II.8. Generated augmentation experiment (GEN-AUG)

Generative Trees: Adversarial and Copycat

open-policing

Table A16. Experiment GEN-AUG: detailed results on four additional domains for which the metric is the accuracy. Conventions follow Table 4 in the main ﬁle.

Generative Trees: Adversarial and Copycat

Objective Supplementing real data with additional faithful generated data could be envisioned as a way to improve the performances of models trained from the whole data, a problem of substantial practical impact. Our objective was to test how generative models can perform in such a scenario.
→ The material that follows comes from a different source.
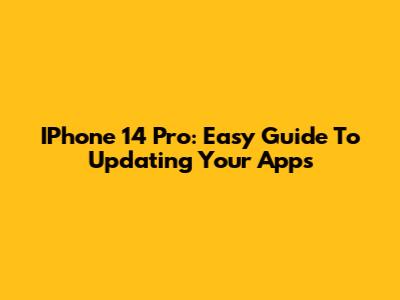 IPhone 14 Pro: Easy Guide To Updating Your Apps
Experimental setting The setting can be summarized as the equivalent of the TRAIN-GEN experiment (Section II.6), with the sole modiﬁcation that we train (supervised) models using generated data mixed with the training data of the generators instead of just the generated data alone. Equivalently, we train with COPY + a generated sample. This generated sample could be generated by CTGAN or our GTs, but we also try the COPY case (we add real examples) and the UNIForm case (we add uniformly generated examples). We ﬁrst tried the simplest experimental setting in which the size of the generated data was the same as the size of the training data, but the experiments were largely inconclusive in terms of who wins or loses. Hence, we have dug in this scenario, allowing a varying % of generated data to be added to the training data, for a % of generated data that would represent 5%, 10%, 15%, ..., 100% of the training (real) data. This represents a lot more experiments but also allows us to understand, for each generative technique, what is the effect of putting more generative examples in the training sample. Regardless of the comparison with the COPY approach, a good generative approach should bring improved results as the number of generated examples increases. All other parameters, generative models and supervised classiﬁers considered are the same as in the TRAIN-GEN experiment.

Results Table A15 summarises the results obtained, much in the same way as Tables A10 and A14. The results display that GTs tend to be a better ﬁt for data augmentation than CTGAN. Training more the neural nets does not yield an advantage over GTs, as even when comparing with GTs having a few dozen nodes, the picture is still quite balanced. Table A16 completes Table 4 for the remains domains used. We observe that while dna is clearly the domain where CTGAN obtained the worst results, with all accuracies (substantially) lower than any of UNIF, such bad performances also occur in domains winewhite and winered, which could signal that the issue is not linked to the domain being categorical (winewhite and winered are both real-valued). On iris, CTGAN have a slight edge over GTs, an edge which much more signiﬁcant on sigma-cabs where GT results basically cannot be distinguished from UNIF. We observe that in this domain, CTGAN manage to get an improvement over 5% real data, in the same way as GTs manage to get an improvement over 5% real data on abalone. open-policing, which is our biggest domain, displays that training for a longer time is beneﬁcial to both CTGAN and GTs, but ultimately GTs get the best results. Two conclusions can be drawn: ﬁrst, there is still work to do to beat adding real data, for both neural nets and generative trees, even when those latter models seem to overall get the best and most stable results. Second, we do not observe for generative trees the apparent overﬁtting pattern that follows CTGAN on dna, winewhite and winered. Apart from the fact that we prevent discarding support in the induction of the GTs, we do not see currently any other reason for this observation to happen.